### [ABOUT THIS EXERCISE]
Set down exactly the lines running from the one with "Nikon D850 sample" to the last line of the listing below, both included, and skip every picture.

(DATA FOR THIS EXERCISE begins)

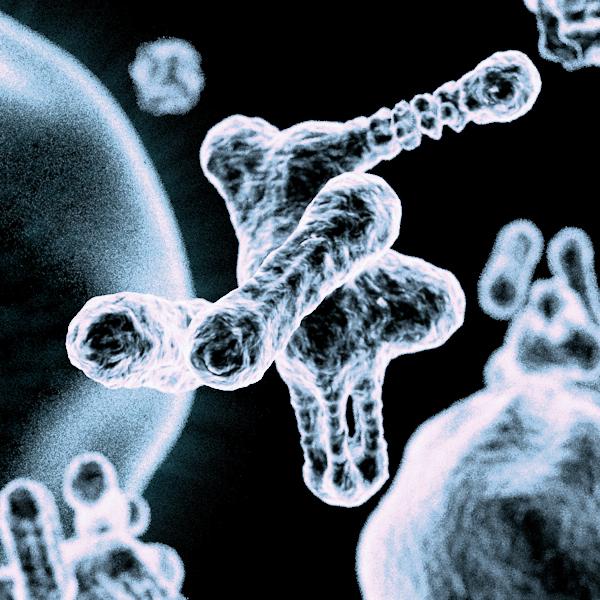 Microcosm - image 1 - student project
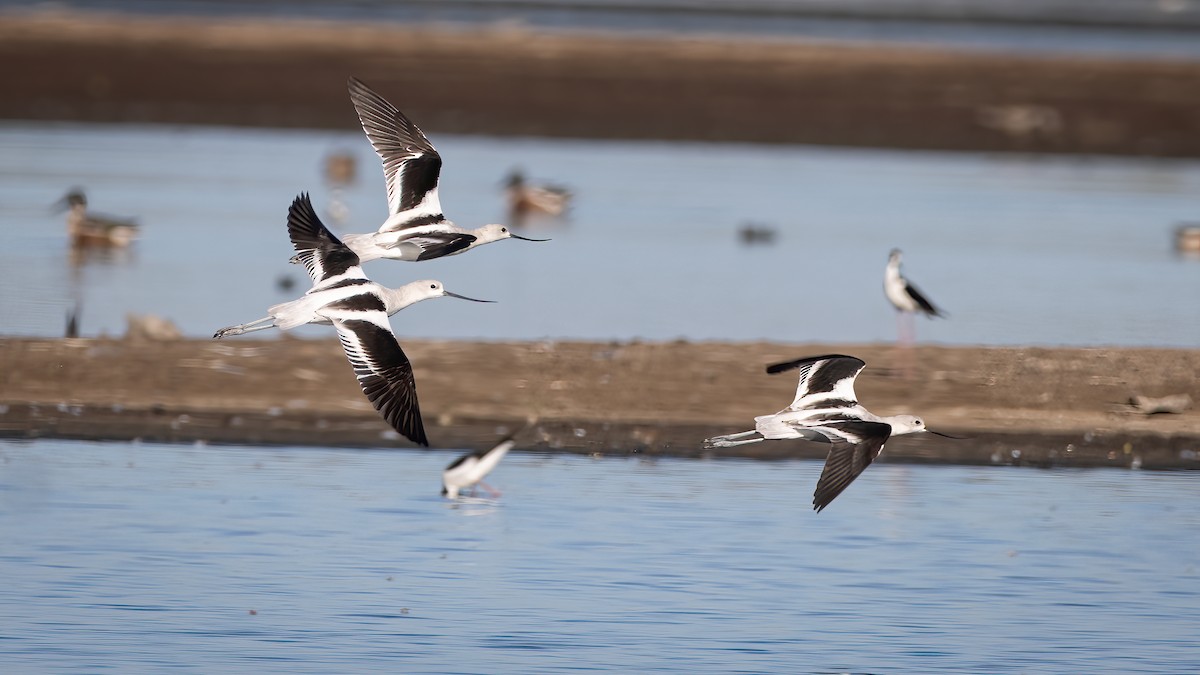 Avoceta Americana - ML622140079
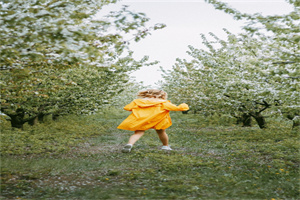 四川水利职业技术学院五年制大专网站网址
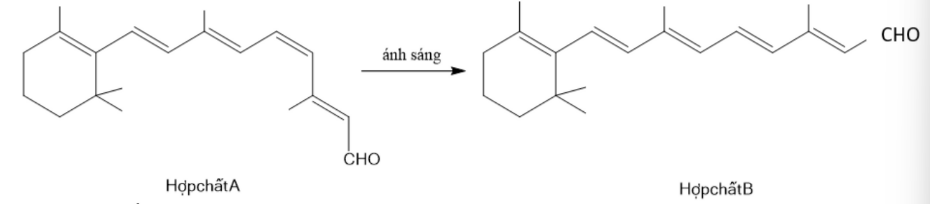 Ảnh chụp màn hình 2026-05-28 200303.png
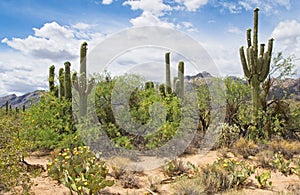 Sabino Canyon Hiking Trail in Tucson Arizona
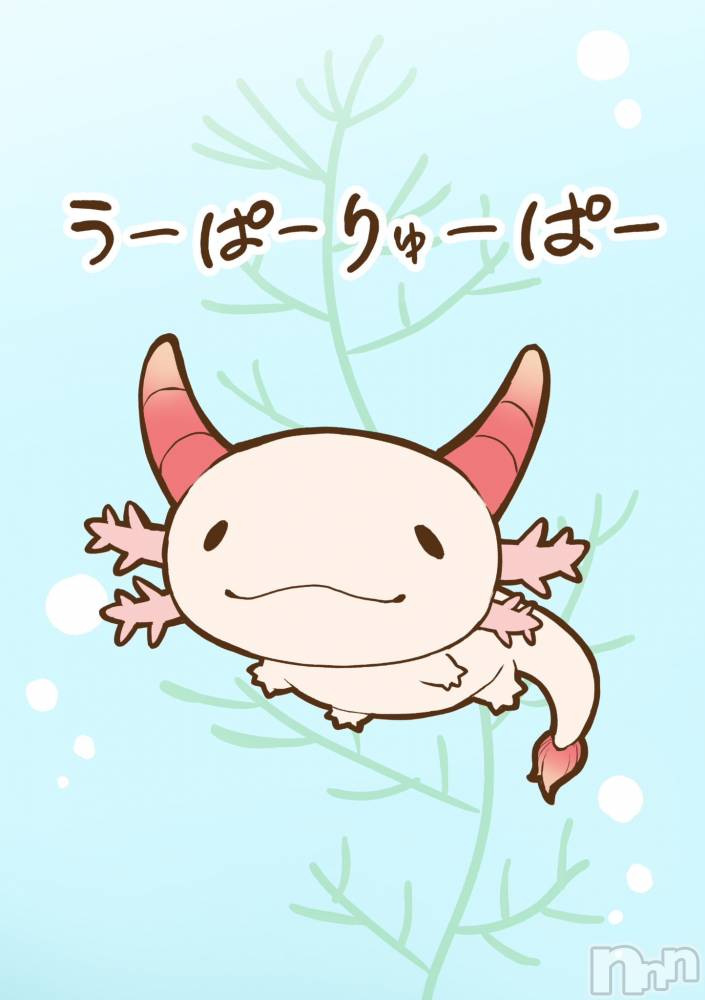 上越デリヘル上越最安値！奥様Deli急便(ジョウエツサイヤスネ！オクサマデリキュウビン) 新人　じゅん(33)の9月13日写メブログ「来週は」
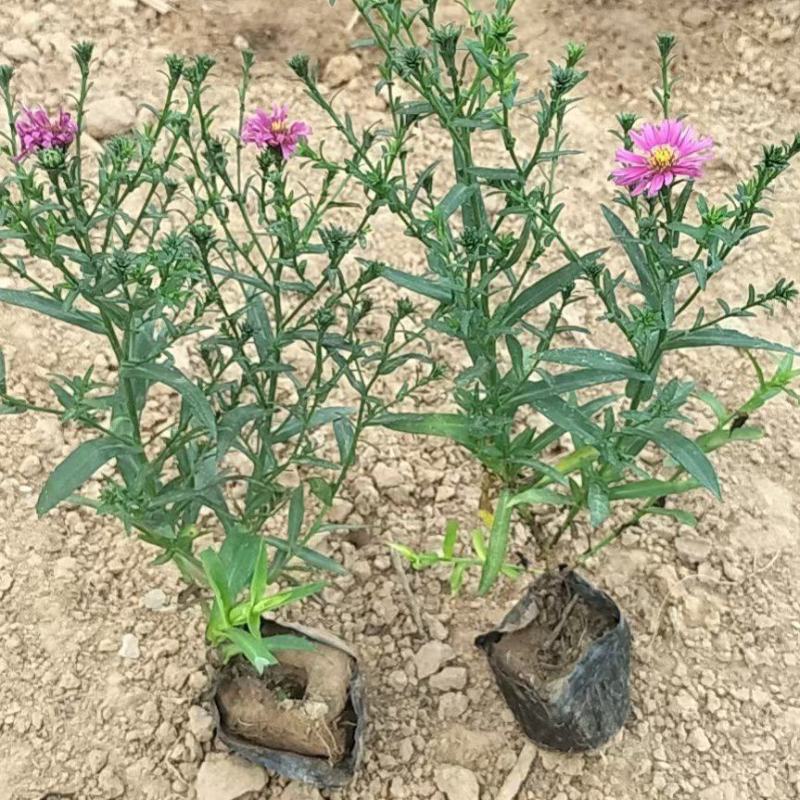 多芽荷兰菊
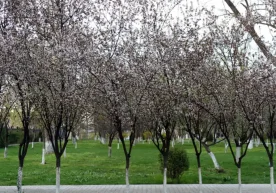 O‘zbekistonda aprel oyi odatdagidek barqaror emas — bu yil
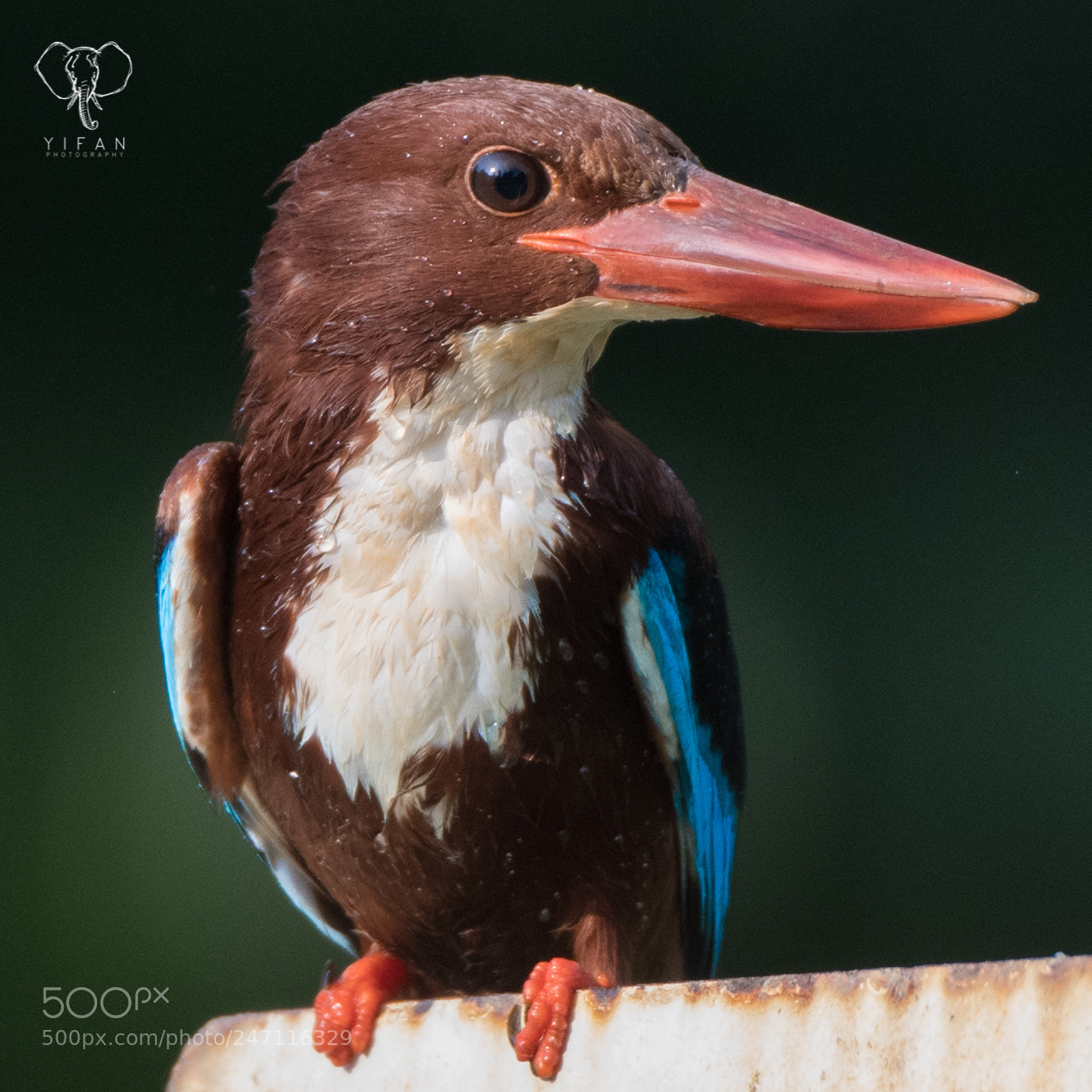 Nikon D850 sample photo. White throated kingfisher photography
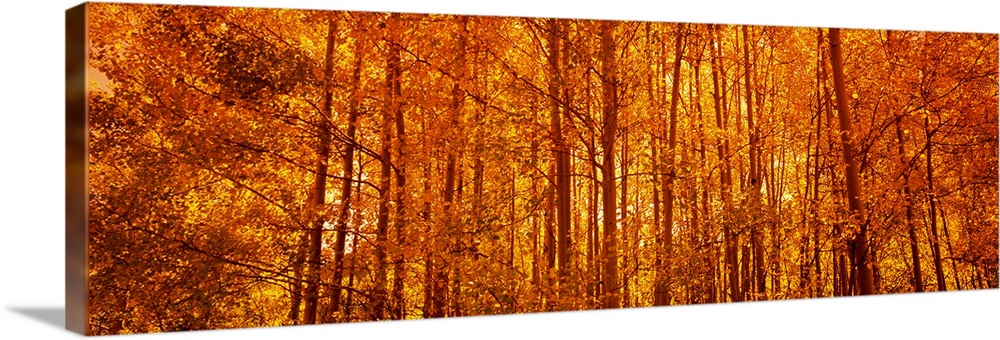 Giant, panoramic photograph of a dense forest of aspen trees with fall foliage.  The sun rising through the trees gives th...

(DATA FOR THIS EXERCISE ends)

### [TASK RESULT]
 Nikon D850 sample photo. White throated kingfisher photography
 Giant, panoramic photograph of a dense forest of aspen trees with fall foliage.  The sun rising through the trees gives th...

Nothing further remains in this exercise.